定番のバッテリーベンチマークソフト「BBench」(海人氏作)を実行してみたところ、結果は15時間6分。BBenchはWeb巡回間隔60秒、キーストローク間隔10秒に設定し、ディスプレイの輝度は50%にしてテストしたが、なかなか終わらず苦労した。電源アダプターも小型で持ち歩きしやすいが、使い方によっては持ち歩かなくても困らないだろう。
フリップモデルと違い、天板に切れ目がなく、VAIOロゴも中央に配置されている
重量は実測で1.16kgだった
底面の手前には「MADE IN AZUMINO JAPAN」の文字が刻印されている
電源アダプターは小型で持ち歩いても荷物にならない。USB端子も備えており、スマートフォンなども充電できる
VAIO Zと言えば、やはりハイスペックなのが魅力だ。CPUにはTDP(熱設計電力)が28Wの第6世代Coreプロセッサー(開発コード名Skylake)を採用する。他社製のモバイルノートPCの多くはTDPが15WのCPUを採用しており、それらに比べると高いパフォーマンスが期待できる。同社調べだが、TDPが15WのCPUを搭載したモデルと比べると、CPU性能が30%、グラフィック性能が50%高いという。今回試した個人向け標準仕様モデルは、デュアルコアのCore i5-6267U(2.90GHz、最大3.30GHz)を搭載する。メモリーは4GBで増設ができない仕様なので、メモリーを増やしたい人はカスタマイズモデル(VAIO OWNER MADEモデル)を選択しよう。
パソコンの総合的なパフォーマンスを測定するベンチマークソフト「PCMark 8」のホームユースで想定される使い方をした場合のパフォーマンスを測定する「Home accelerated」のスコア。Core i7-4770HQを搭載した「VAIO Z Canvas」(スコアは3011)には敵わないが、かなりのハイスコアを記録した
ソニー時代から、いち早くSSDを採用するなど、VAIOはストレージへのこだわりが強いモデルだ。クラムシェルモデルのストレージはもちろんSSDだが、NVMe対応のPCI Express 3.0 x4接続に進化している。同社によれば、前世代のVAIO Z(PCI Express 2.0接続のSSD)よりも、ランダムアクセスの性能が2倍以上速くなっているという。ベンチマークソフトを実行したところ、順次読み込みは1.3G〜1.4GB/秒の速度が出ていた。動作も非常に軽快で、エクスプローラーやソフトが瞬時に立ちあがる。電源ボタンを押してからデスクトップ画面が表示されまでは8秒しかかからなかった。ZIPファイルの解答やファイルのコピーなど、日常的な操作でも、この高速なSSDが効いてくる。

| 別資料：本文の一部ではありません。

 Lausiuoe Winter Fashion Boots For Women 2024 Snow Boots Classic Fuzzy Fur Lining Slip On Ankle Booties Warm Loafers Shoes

ストレージの速度を測れる定番ベンチマークソフト「CrystalDiskMark 5.1.1 x64」(ひよひよ氏作)の結果。順次読み込み(SeqのRead)は1.4GB/秒と非常に高速だった
右側面。USB3.0端子を2基備える。搭載する外部インターフェイスの種類や配置はフリップモデルと同じだ
左側面。HDMI出力端子、ヘッドホン出力端子、SDメモリーカードスロットを搭載
ディスプレイはフリップモデルと同じ13.3型液晶だが、ノングレアタイプとなっている。また、解像度はWQHD(2560×1440)だけでなく、ワンランク下のフルHDも選べる。今回試したモデルはフルHDだったが、不満のない画質だった。WQHDとじっくり見比べれば精細感は見劣るだろうが、フルHDでも不満に感じることはないだろう。フルHDのほうがバッテリー駆動時間が長いというメリットがあるので、フルHDを選ぶ人も多いのではないだろうか。

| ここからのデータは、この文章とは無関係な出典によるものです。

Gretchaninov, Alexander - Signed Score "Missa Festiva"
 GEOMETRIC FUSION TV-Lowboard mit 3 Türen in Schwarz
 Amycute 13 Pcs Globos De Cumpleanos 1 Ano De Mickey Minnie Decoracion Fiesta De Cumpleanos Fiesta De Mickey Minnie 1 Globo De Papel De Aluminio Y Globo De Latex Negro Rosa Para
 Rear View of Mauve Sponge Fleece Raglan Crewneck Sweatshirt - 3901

クラムシェルモデルは、ノングレアの13.3型液晶を搭載。カスタマイズモデルはWQHDとフルHDの2種類から解像度を選べる。写真は個人向け標準仕様モデルで、解像度はフルHDだ。表示品質、明るさ、精細感ともに不満のないレベルだ
キーボードは、キーピッチが19mmと広く、心地よくタイピングできた。ストロークは1.2mmとモバイルノートPCとしては標準的だが、キーの荷重が程よく、しっかりした打鍵感がありながらも、底に当る感じのない柔らかなフィーリングだった。静かなオフィスで使っているときに、打鍵音が静かなのも好印象。また、キートップには「VAIO S11」と同じフッ素含有UV硬化塗装が施されており、汚れが目立ちにくく、ふき取りやすくなっている。長く使うことを考えると、キートップのテカリを防げるのもありがたい。

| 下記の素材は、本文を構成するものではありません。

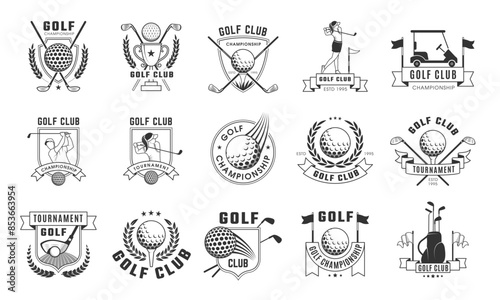 Golf badges. Sport logos for golf club badges with specific tools cups balls stick recent vector template with place for personal text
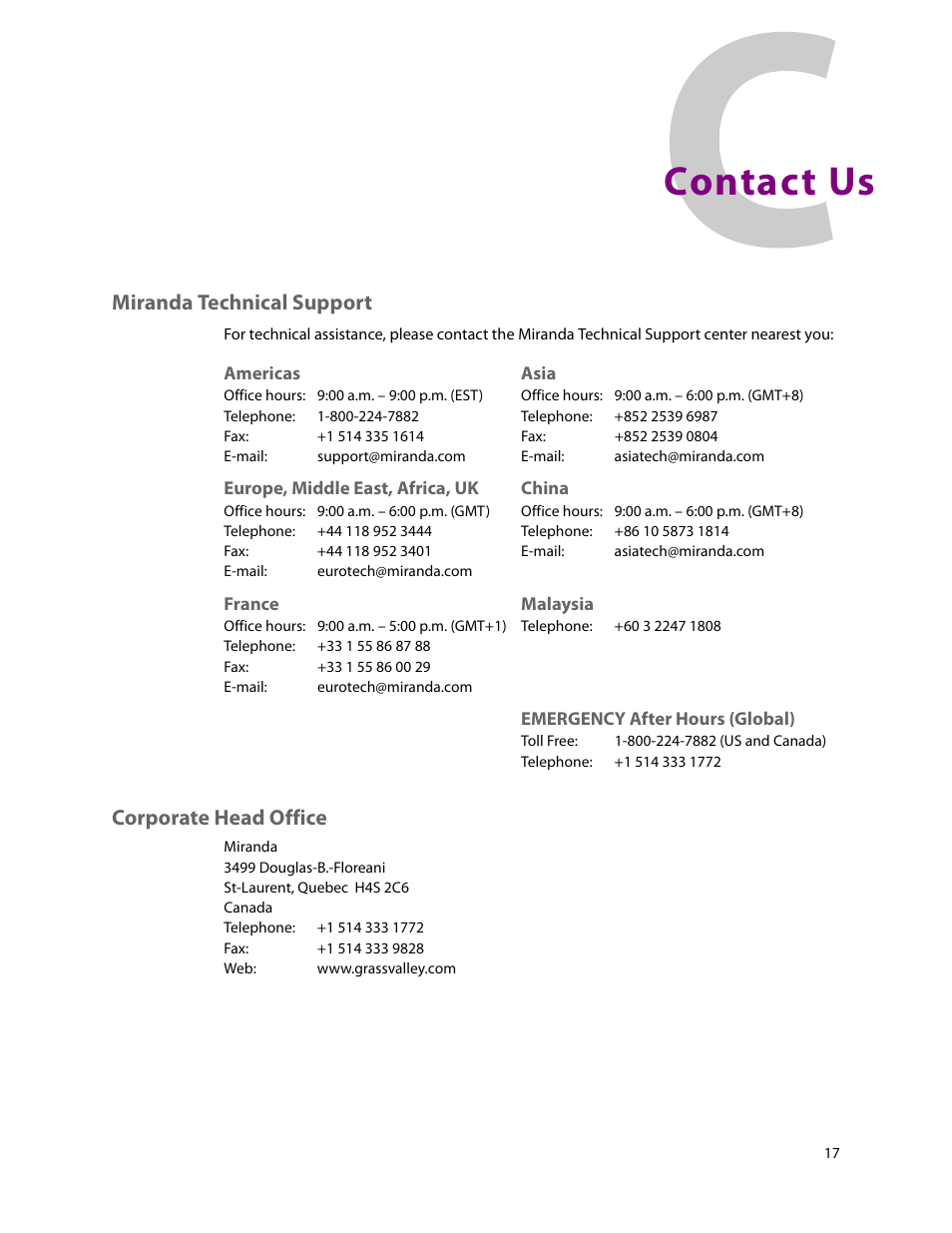 Contact us, Miranda technical support, Corporate head office | Grass Valley NV96xxV Windows v.1.7 User Manual | Page 21 / 22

タッチパッドには、手のひらが触れて起こる誤操作を防ぐパームリジェクション機能が盛り込まれている。親指が触れて起こる誤操作は防げないようだが、手のひらが触れてイライラさせられるようなことは減りそうだ。前モデルと同様、1mm厚の雲母片岩(マイカ)を使っており、クリックしてもたわむこともない。
キーボードは、19mmのキーピッチと1.2mmのキーストロークを確保。キーの荷重が程よく、心地よい打鍵感だ。タッチパッドはクリックボタン一体型だが、雲母片岩(マイカ)を使うことでたわみの少ない、しっかりしたクリック感となっている
キートップにはVAIO S11で採用したフッ素含有UV硬化塗装を使用。汚れが付きにくく、長く使うことで起こるテカリも防げる。バックライトも搭載
ハイスペックなモバイルノートPCと言えば、PCメーカー各社が技術の粋を集め、最新技術や最新のトレンドを盛り込むのが一般的だが、あえて旗艦機種に硬派なクラムシェルモデルを追加してきたのは興味深い。同社によると、クラムシェルモデルは、ユーザーの要望に応えて誕生したモデルだという。2in1やペン入力に対応したモデルが増えているとはいえ、まだまだシンプルなクラムシェルタイプのモバイルノートPCを求めている人は多いようだ。
今回、VAIO Zのクラムシェルモデルを試してみて、新鮮味や面白さという点では、フリップモデルのほうが上だが、実用度では間違いなくクラムシェルモデルのほうが上だと感じた。今回試した個人向け標準仕様モデルの市場想定価格は179,800円(税別)。メモリーが4GBで増設もできないのが残念だが、高性能なCPUを搭載しつつ、驚異的なスタミナを実現している点を考えれば妥当だろう。